Web page caption snippets:

⁂

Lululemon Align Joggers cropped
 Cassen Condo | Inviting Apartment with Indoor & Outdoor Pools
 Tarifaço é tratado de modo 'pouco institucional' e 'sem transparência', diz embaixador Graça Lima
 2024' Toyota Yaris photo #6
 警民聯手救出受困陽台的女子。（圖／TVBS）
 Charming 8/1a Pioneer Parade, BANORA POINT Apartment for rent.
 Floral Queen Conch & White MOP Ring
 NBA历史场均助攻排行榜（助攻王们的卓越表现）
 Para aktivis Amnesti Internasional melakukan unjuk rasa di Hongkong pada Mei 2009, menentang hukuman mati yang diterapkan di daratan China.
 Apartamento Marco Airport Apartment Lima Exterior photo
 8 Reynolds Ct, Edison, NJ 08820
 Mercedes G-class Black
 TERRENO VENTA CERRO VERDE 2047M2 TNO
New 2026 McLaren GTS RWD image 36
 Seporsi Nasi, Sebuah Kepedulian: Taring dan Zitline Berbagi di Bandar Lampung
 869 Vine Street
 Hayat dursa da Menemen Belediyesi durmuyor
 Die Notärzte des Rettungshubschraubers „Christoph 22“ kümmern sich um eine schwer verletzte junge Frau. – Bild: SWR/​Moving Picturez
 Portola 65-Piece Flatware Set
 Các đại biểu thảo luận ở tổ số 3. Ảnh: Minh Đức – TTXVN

⁂

> [WHAT TO WORK ON]:
Reproduce all the entries verbatim, leaving nothing out.

> [EXPECTED ANSWER]:
Lululemon Align Joggers cropped
 Cassen Condo | Inviting Apartment with Indoor & Outdoor Pools
 Tarifaço é tratado de modo 'pouco institucional' e 'sem transparência', diz embaixador Graça Lima
 2024' Toyota Yaris photo #6
 警民聯手救出受困陽台的女子。（圖／TVBS）
 Charming 8/1a Pioneer Parade, BANORA POINT Apartment for rent.
 Floral Queen Conch & White MOP Ring
 NBA历史场均助攻排行榜（助攻王们的卓越表现）
 Para aktivis Amnesti Internasional melakukan unjuk rasa di Hongkong pada Mei 2009, menentang hukuman mati yang diterapkan di daratan China.
 Apartamento Marco Airport Apartment Lima Exterior photo
 8 Reynolds Ct, Edison, NJ 08820
 Mercedes G-class Black
 TERRENO VENTA CERRO VERDE 2047M2 TNO
New 2026 McLaren GTS RWD image 36
 Seporsi Nasi, Sebuah Kepedulian: Taring dan Zitline Berbagi di Bandar Lampung
 869 Vine Street
 Hayat dursa da Menemen Belediyesi durmuyor
 Die Notärzte des Rettungshubschraubers „Christoph 22“ kümmern sich um eine schwer verletzte junge Frau. – Bild: SWR/​Moving Picturez
 Portola 65-Piece Flatware Set
 Các đại biểu thảo luận ở tổ số 3. Ảnh: Minh Đức – TTXVN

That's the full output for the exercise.